The defendants moved to dismiss the complaint for failure to plead demand futility. 2

The Court of Chancery granted the motion as to both claims. As to the claim against management, the Court of Chancery held that the plaintiff "failed to plead particularized facts that raise a reasonable doubt as to whether a majority of [Blue Bell's] Board could impartially consider a demand." 3 Although the complaint alleged facts sufficient to raise a reasonable doubt as to the impartiality of a number of Blue Bell's directors, the plaintiff ultimately came up one short in the Court of Chancery's judgment: the plaintiff needed eight directors for a majority, but only had seven.

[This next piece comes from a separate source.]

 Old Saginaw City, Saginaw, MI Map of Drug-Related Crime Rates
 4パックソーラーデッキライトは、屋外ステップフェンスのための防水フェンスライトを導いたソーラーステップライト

As to the Caremark claim, the Court of Chancery held that the plaintiff did not plead any facts to support "his contention that the [Blue Bell] Board 'utterly' failed to adopt or implement any reporting and compliance systems." 4 Although the plaintiff argued that Blue Bell's board had no supervisory structure in place to oversee "health, safety and sanitation controls and compliance," the Court of Chancery reasoned that "[w]hat Plaintiff really attempts to challenge is not the existence of monitoring and reporting controls, but the effectiveness of monitoring and reporting controls in particular instances," and "[t]his is not a valid theory under ... Caremark ." 5

In this opinion, we reverse as to both holdings.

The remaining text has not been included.